D'ailleurs, ce qui confirme le fait que l'Algérie était un Etat reconnu internationalement et non un simple démembrement de l'Empire ottoman, comme l'a avancé ce même haut responsable, c'est que le différend qui devait conduire à l'invasion et à l'occupation de l'Algérie a eu pour cause première le non-respect par la France du traité de paix signé entre celle-ci, alors gouvernée par un Directoire que dirigeait Bonaparte, et la Régence d'Alger, traité datant du 17 décembre 1801. Ce traité avait garanti le payement par le gouvernement français des créances des sujets algériens. Ces créances de 7 millions de francs (approximativement 10 milliards de dollars d'aujourd'hui) avaient été reconnues par la loi des finances française du 24 juillet 1820, mais n'avaient pas fait l'objet de versements au gouvernement de la Régence d'Alger (voir Alfred Nettement : «Histoire de la conquête d'Alger», Lecoffre fils et Cie Successeurs, Paris, 1867, p. 143).

UNE AFFAIRE DE DETOURNEMENT DE FONDS AU DETRIMENT DE LA REGENCE

Il ne s'agit pas de rentrer dans les détails de cette affaire, qui avait été compliquée par le fait que les intermédiaires que le Dey avait désignés avaient bien reçu une bonne partie de cette somme , mais l'avaient détournée à leur profit, et avaient bénéficié de l'asile en France, sans aucun doute grâce à de hautes protections qu'ils avaient monnayées - payements dans lequel Deval, le fameux consul français, avait sans doute perçu sa part.

LE PRIVILEGE PROTOCOLAIRE DU CONSUL FRANÇAIS A ALGER

Le fait est que Hussein, qui avait été élu Dey le premier mars 1818, profita d'une visite de courtoisie que lui fit Deval le 27 avril 1827, à l'occasion de l'Aïd el-Fitr, pour, semble-t-il, soulever cette question des dettes françaises et demander l'extradition de deux escrocs qui avaient trouvé refuge en France, en même temps que poser la question de l'armement en canons de la concession de La Calle, qui était supposée être un simple entrepôt commercial et se transformait peu à peu en forteresse française sur le territoire algérien.

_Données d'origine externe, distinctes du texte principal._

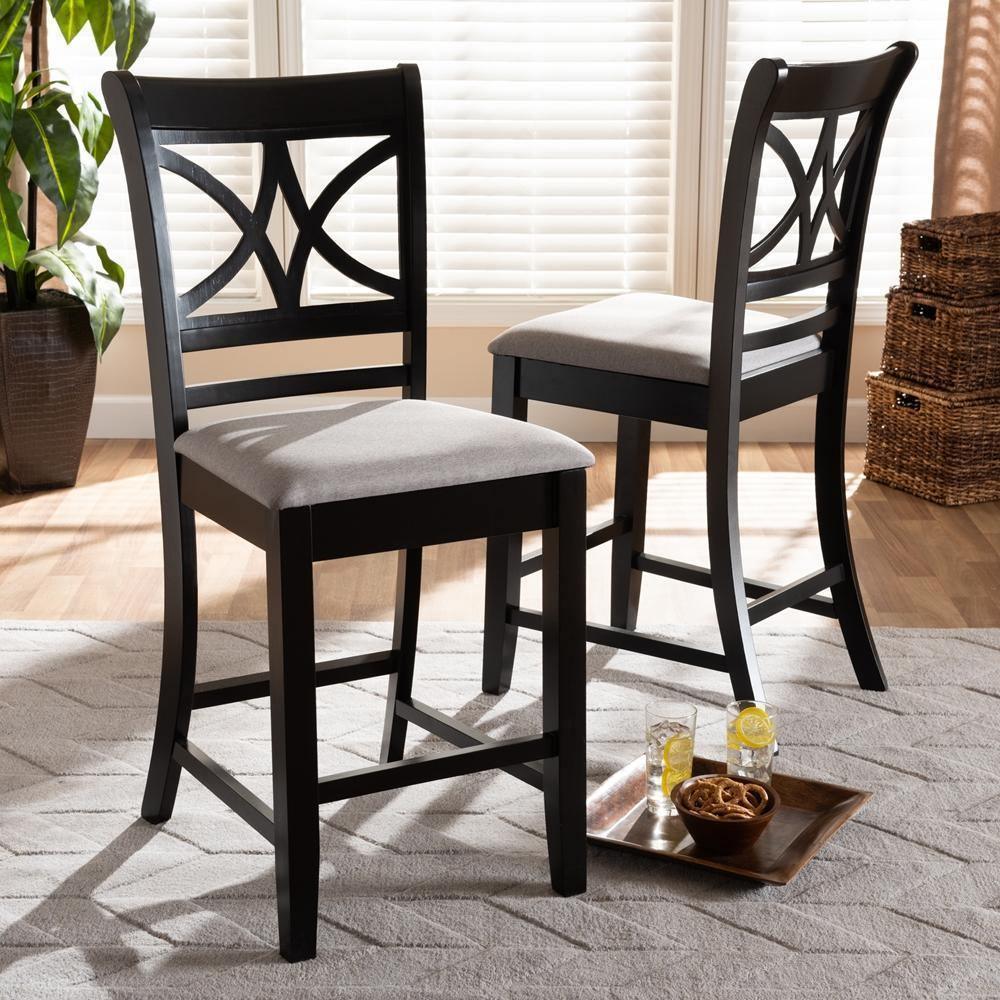 Chandler Modern and Contemporary Grey Fabric Upholstered and Espresso Brown Finished Wood 2-Piece Counter Height Pub Chair Set FredCo
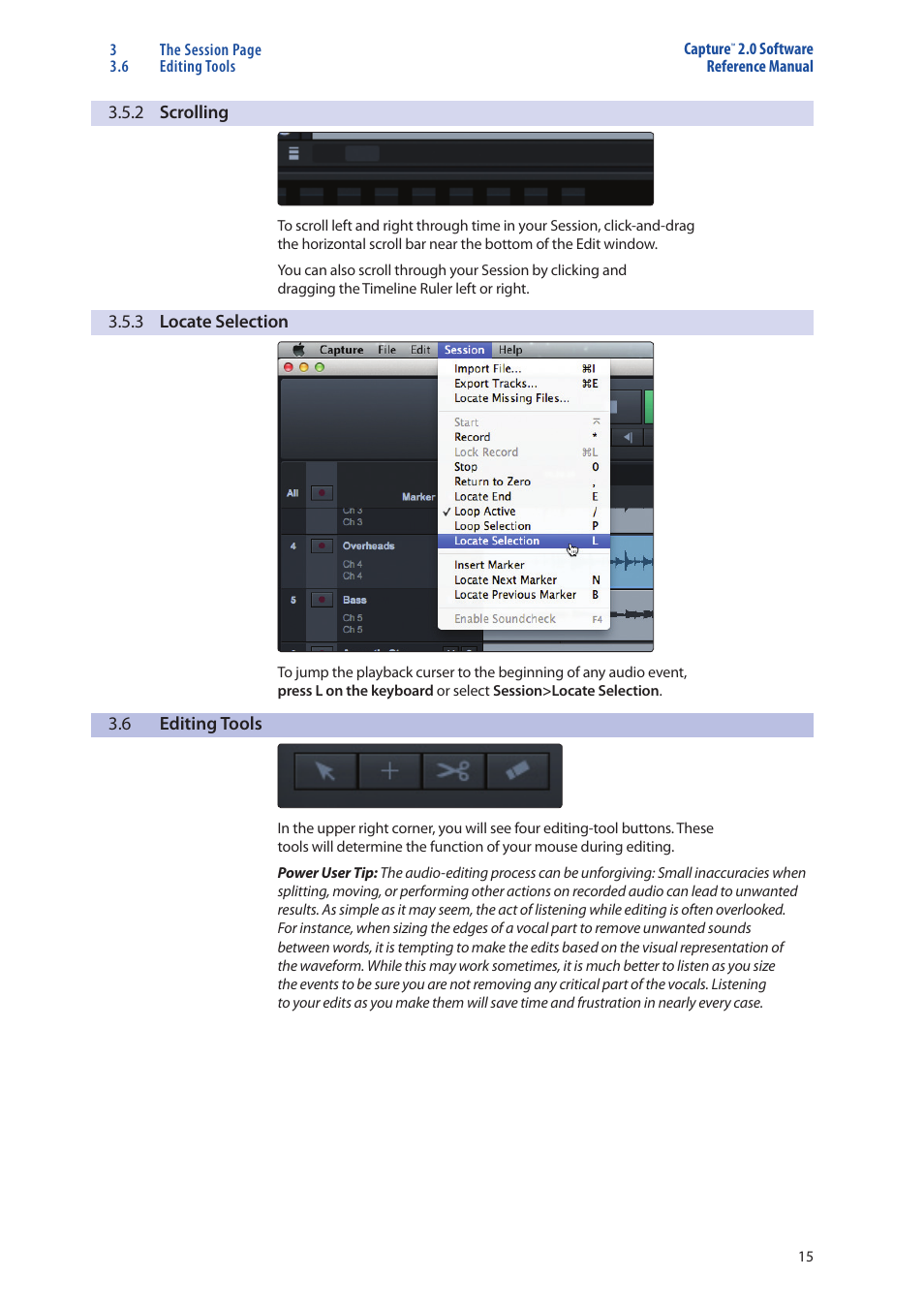 2 scrolling — 15, 3 locate selection — 15, Editing tools — 15 | PreSonus Capture  2.0 User Manual | Page 17 / 37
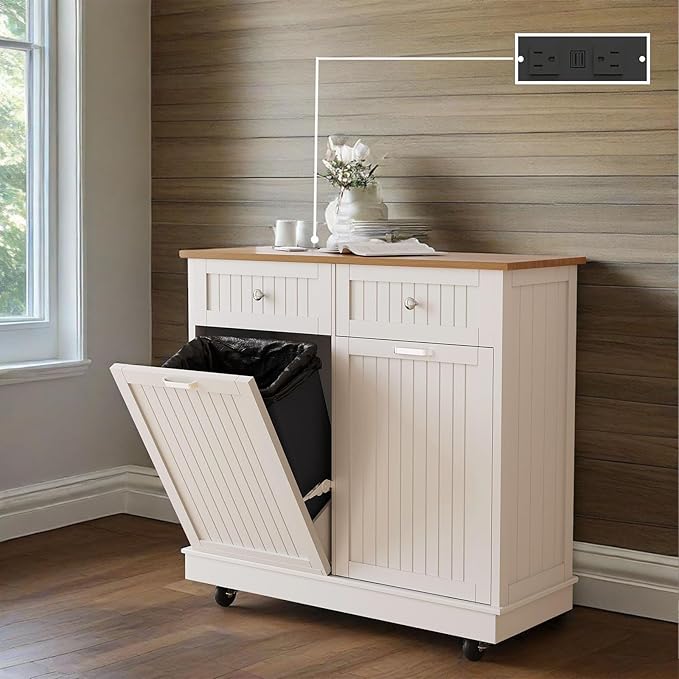 20 Gallon Tilt Out Trash Cabinet, Wooden Kitchen Trash Can Cabinet with Hideaway Drawer, Freestanding Laundry Hamper Garbage Recycling Cabinet on Wheels, Pet Proof, Double, White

 Il semble bien que l'audience accordée à Deval, et à la veille de l'Aïd, était une audience privée et nul d'autre que les deux hommes n'était présent, à l'exception d'un officier du protocole du Dey. Car, suivant un historien français : «Dans tout le Levant, dans les visites de cérémonie, le consul français a le pas sur tous les autres consuls, depuis une altercation qu'il y a eu entre un consul anglais et un consul de France? Le Dey avait décidé qu'à l'avenir, le consul de France irait seul, la veille de ces fêtes, faire seul son compliment. Lors du Baïram de 1827, Monsieur Deval, notre consul, s'était présenté comme à l'ordinaire...». (Le Contemporain en Egypte ; op.cit. p. 23).

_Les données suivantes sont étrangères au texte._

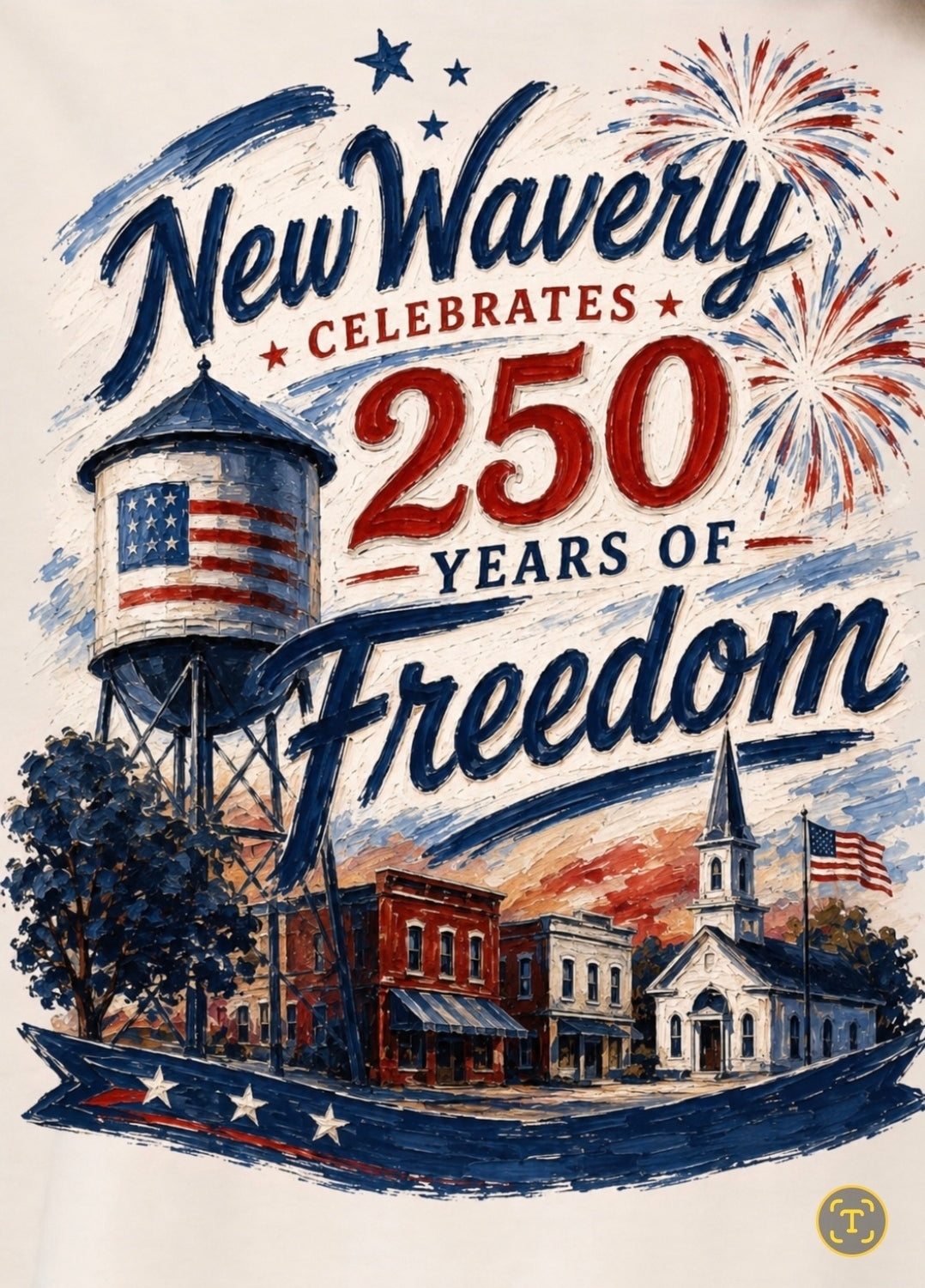 4 of July New Waverly T- Shirt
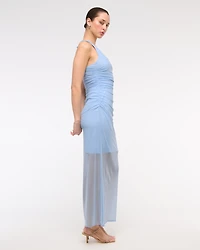 Mesh Twisted Halter Midi Dress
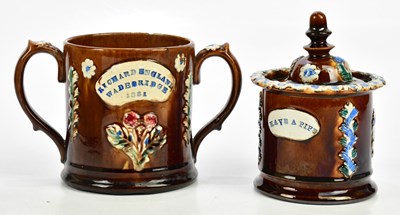 Lot 2473 - BARGE WARE; a loving cup, 'Drink Heartily,...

NULLEMENT UNE RECEPTION PUBLIQUE

Donc, contrairement à ce qu'ont constamment affirmé de nombreux écrivains, nul autre diplomate que Deval n'était présent à cette audience ; de plus, corroborant le caractère privé de cette audience, toujours suivant Nettement, «M. Deval, qui parlait avec une égale facilité le turc et l'arabe, s'exprimait sans l'intermédiaire d'un interprète» (dans «Histoire de la conquête d'Alger», Lecoffre fils et Cie Successeurs, Paris, 1867, p. 144).